Get started with Service Reliability Management
Summarize
Summary of Get started with Service Reliability Management
Service Reliability Management (SRM) in ServiceNow Xanadu release provides IT Operations and DevOps teams with a unified interface to monitor service health, manage service level objectives (SLOs), and streamline incident resolution. SRM helps teams maintain agility, performance, and uptime by contextualizing incidents and service metrics within service-level goals.
Show less
Key Features
- SRM Interface: A centralized home page and navigation experience offering quick access to critical alerts, assigned work, and team information tailored to your role and permissions.
- Setup Guide Modules: Step-by-step modules for onboarding including setting up your homepage, services, and teams to ensure a smooth SRM adoption.
- Team and Service Management: Tools to create and administer teams responsible for services, define service parameters, and manage on-call schedules and escalation policies to guarantee timely incident response.
- Service Relationships: Visual map canvas to configure service dependencies, helping assess the impact of child services on parent services.
- Third-Party Integrations: Integration with external monitoring tools like Datadog and ServiceNow Cloud Observability to consolidate alerts within SRM.
- SLO, SLI, and Error Budget Management: Establish and monitor service performance goals and allowable failure times to meet contractual obligations.
- Alert Automations: (Requires Alert Automations app) Define alert conditions and rules for Application Performance Monitoring (APM) tools to automate notifications and incident creation.
Practical Use and Benefits
By adopting SRM, ServiceNow customers can quickly set up and manage their service teams and services within a single platform, ensuring that critical alerts and incidents are promptly addressed by the right teams. The integration capabilities enable centralized alert visibility, improving incident response efficiency. Setting SLOs and monitoring error budgets help maintain agreed-upon service reliability levels, supporting business continuity and customer satisfaction.
The SRM home page serves as the operational hub, providing relevant updates on services, schedules, maintenance, and team activities, enabling users to stay informed and act swiftly.
SRM accelerates your path to viewing service health in the context of service level objectives and incident resolution. Helps IT Operations and DevOps teams deliver on the promise of agility, performance, and uptime.
Get started with SRM to understand what are the different sections on the SRM interface.
For more information on roles, see SRM roles and responsibilities.
Basic SRM tasks
| Step | Description | Reference |
|---|---|---|
| Set up guide modules | Our Setup guide modules for your Homepage, Services, and Teams landing pages show you how to add a team or a service. It includes all the key milestones to make sure you’re set up for success. | Add an SRM team |
| Your homepage | Your home page is where you find the things most important to you. Like the Services with critical alerts and incidents, work assigned to you and your team. | SRM home page |
| Learn the ins-and-outs of SRM navigation. | You can get familiar with the different sections and elements of the SRM interface. The sections and elements are used throughout our documentation. | SRM interface |
SRM helps you when you must create and administer teams, services, and integrations.

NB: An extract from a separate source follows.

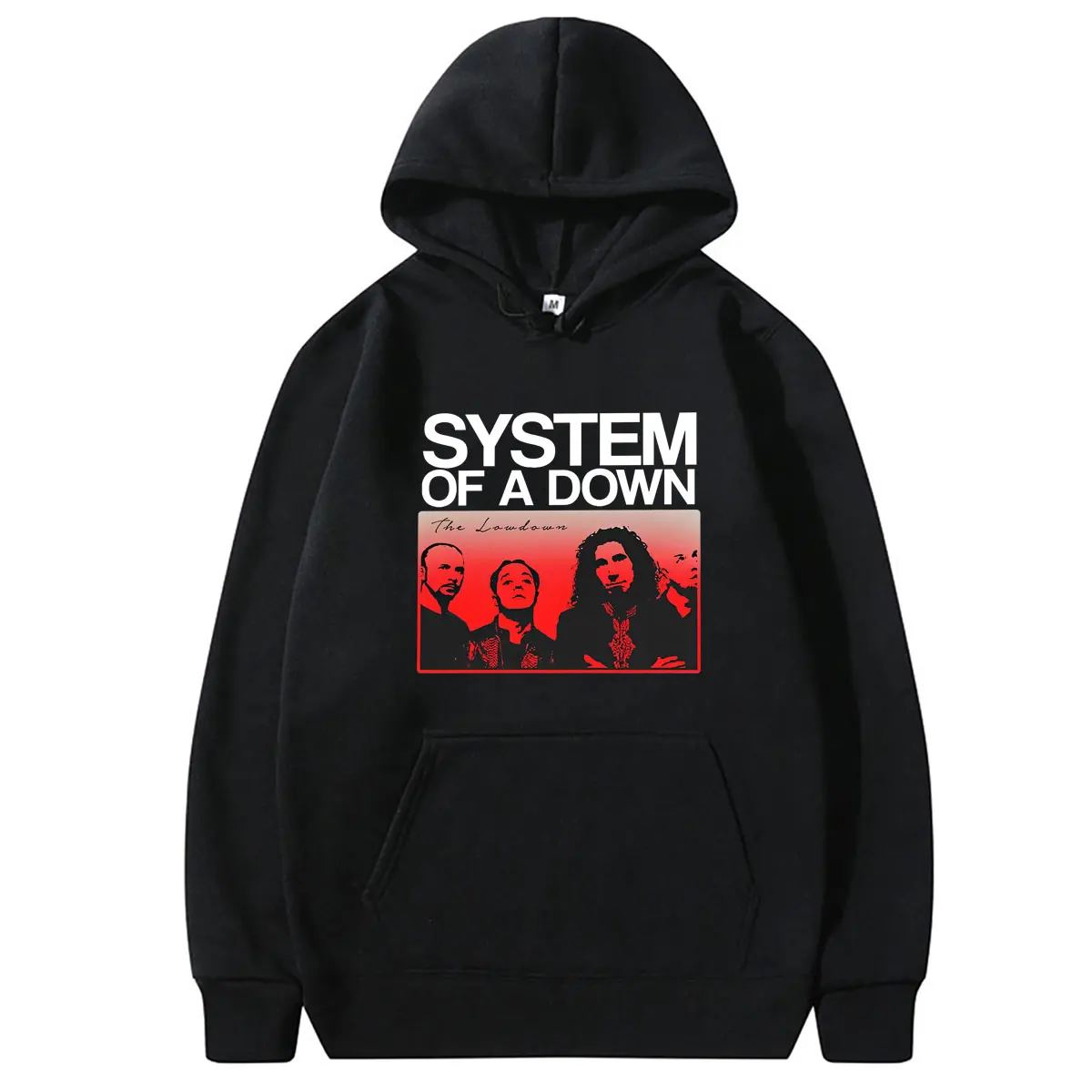 System of A Down Hoodie Men Women Rock Alternative Metal Pullover Hoodies Male Oversized Streetwear Unisex Fashion Sweatshirt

| Step | Description | See this |
|---|---|---|
|
Manage an application or technical service in SRM |
Define the basic tasks and parameters that make up your service and how it should behave. | Add a service to SRM |
|
Set up a SRM team |
Set up a team. Teams are responsible for the issues that occur in the associated services. | Add an SRM team |
|
Set up on-call schedule and escalation policies |
Create an on-call schedule for your team to ensure to ensure that dedicated support team members are available to resolve issues as they arise. You can set up an escalation policy for your team so that at least one team member is engaged in incident response. | Create your SRM On-call schedule |
|
Configure service relationships |
Use a map canvas to add, configure, and arrange services. You can add child services that depend on parent services. | For more information, see View impact of child service on parent service. |
|
Integrate services with third-party monitoring tools |
Set up a third-party integration, such as Datadog or ServiceNow Cloud Observability, with SRM so that alerts are available to your teams within SRM. | Add an integration to SRM. |
|
Establish SLOs, SLIs & error budgets for services |
Establish goals for how well your service should operate. Also specify the maximum amount of time that a technical system can fail without contractual consequences. | For more information, see Service Level Objective Management. |
|
Set up alert automations
Note: This functionality is only available if you have installed the Alert automations application. |
Alert automations enable you to define alert conditions. Set up alert rules for each APM tool to define the conditions when the APM tool should send notifications to SRM. | The Alert automation application is available from the ServiceNow Store. |